We’re Cooking: Brothy Asian Vegetable Soup


Gary was a little under the weather last week and just wanted a rich brothy soup to sooth his throat. I added lots of fresh veggies and a bit of tofu with soy, mirin and siracha for an Asian flare and layers of flavor. Simply delicious.

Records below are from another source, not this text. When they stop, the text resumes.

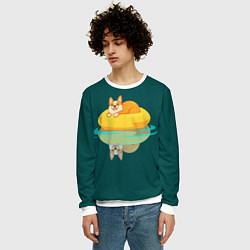Свитшот мужской Корги на пончике, цвет: 3D-белый — фото 2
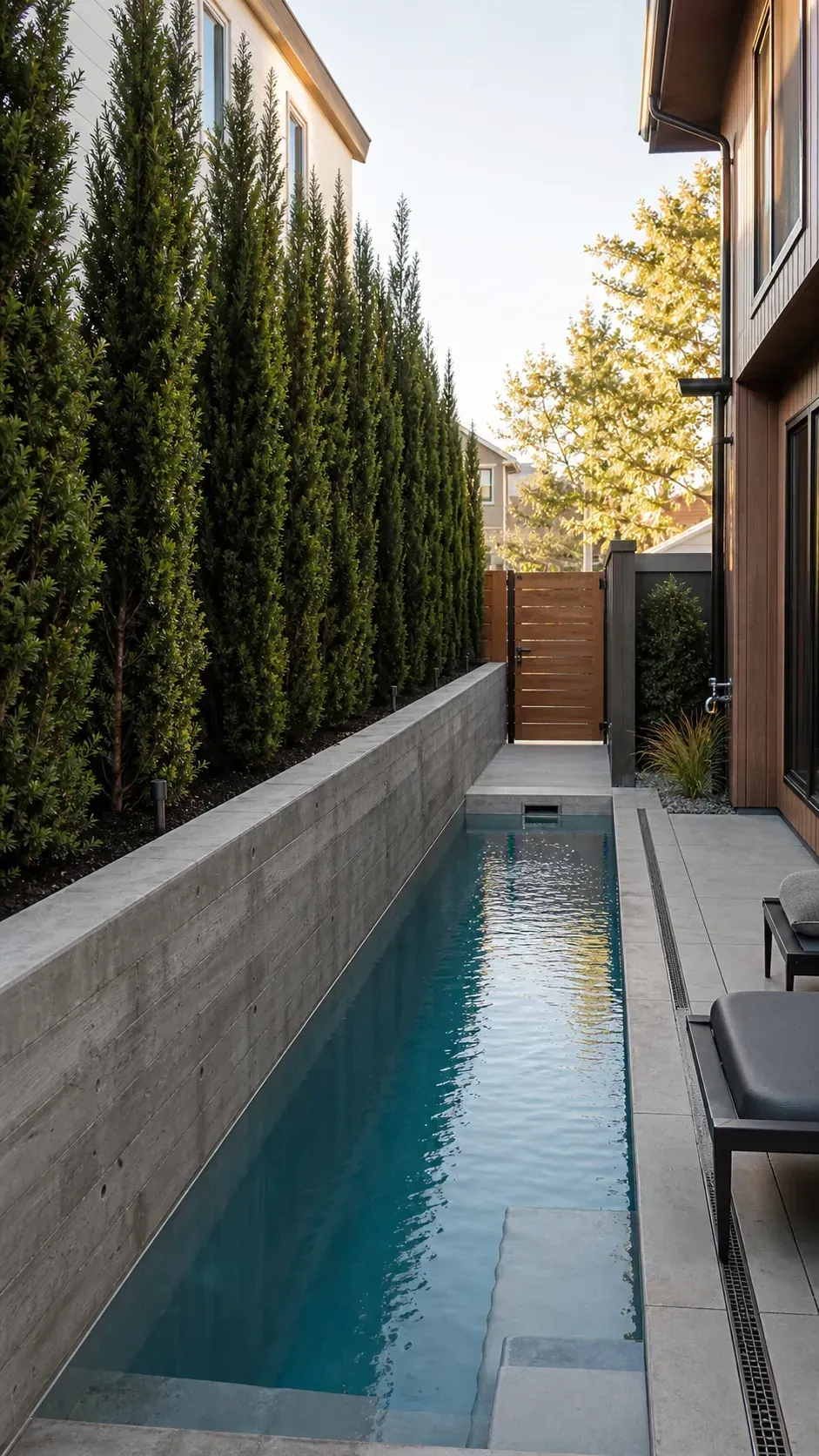 build a raised planter as a privacy wall in a long and narrow backyard pool layout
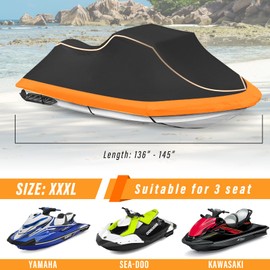 CoukouCover Jet Ski Cover, Heavy Duty Waterproof Jetski Covers, 3 Seater PWC Cover with Reflective Strips and Vents for Seadoo Yamaha Kawasaki Polaris, Fits Lengths from 136-145” (Black&Orange)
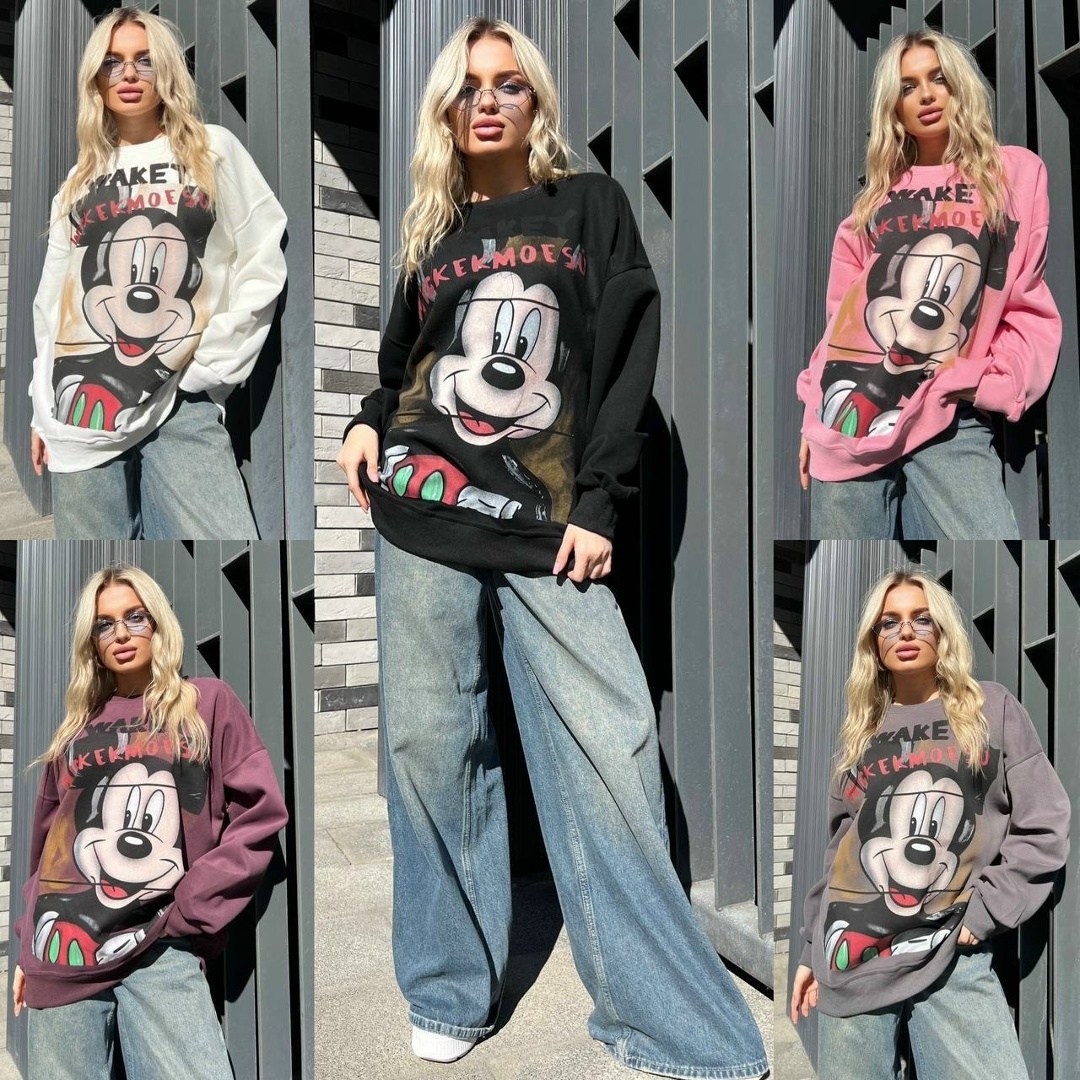 кофта варенка оверсайз с принтом микки маусом,повседневный свитшот,женская кофта,свитшот женский,кофта с микимаусом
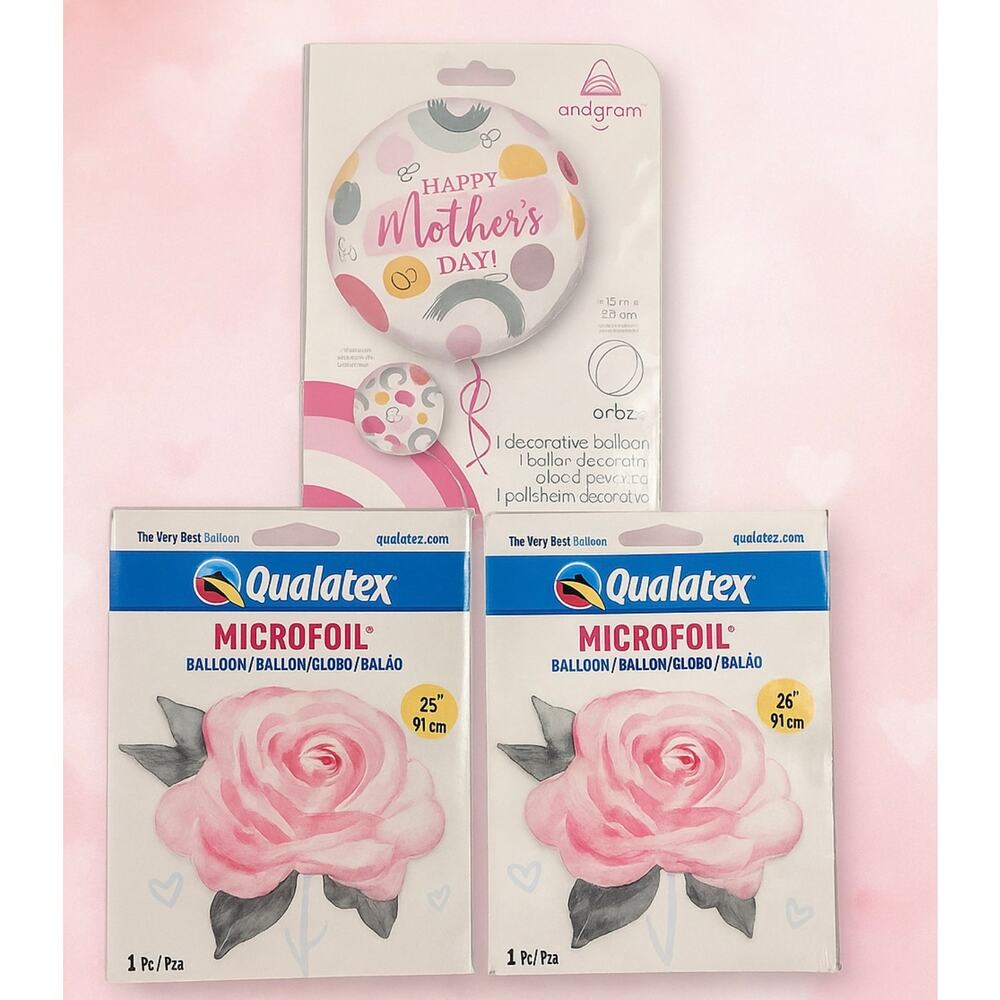 Mother’s Day 3 Balloon Set – Rose Balloons & Anagram Happy Mother’s Day Orbz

Brothy Asian Vegetable Soup
1 yellow onion, chopped
2 carrots, peeled and chopped
2 cloves garlic, chopped
2 inch piece of fresh ginger, grated
1 stalk lemongrass, slightly bruised (beat the stock lightly with a knife to break it a bit)
2 celery stalks, chopped
1/2 pound brussels sprouts, quartered and blanched
3 baby bock choy, chopped
6 ounces fresh shitake mushrooms, stems removed and sliced
3 ounces snow peas, cut in half
4 ounces light tofu, cubed
2 tablespoons chopped cilantro
1 tablespoon olive oil
1/2 tablespoon sesame oil
3 tablespoons mirin
1 tablespoon Hoisin sauce
1/4 cup soy sauce
6 cups chicken or vegetable stock
1-2 tablespoons siracha (to your taste)
Salt and pepper to taste
2 green onions, green parts only, chopped

asian veggie soup
Saute onion, celery and carrot with olive oil in a large Dutch oven until barely softened, about 5 minutes. Add garlic, ginger, lemongrass and siracha and season with 1 teaspoon each salt and pepper.  Add the mushrooms, bock choy and brussels sprouts with the sesame oil, soy and mirin. Saute together for a few minutes then add the chicken stock and bring to a boil. Meanwhile season the tofu with salt and pepper, then add it and hoisin together in a small sauce pan over low heat and cook together for 5 minutes. After the soup comes to a boil turn it down to a simmer, add the tofu and any remaining sauce along with the snap peas and cilantro, and simmer until ready to serve. Adjust any final seasonings. Ladle into large bowls and top with chopped green onions.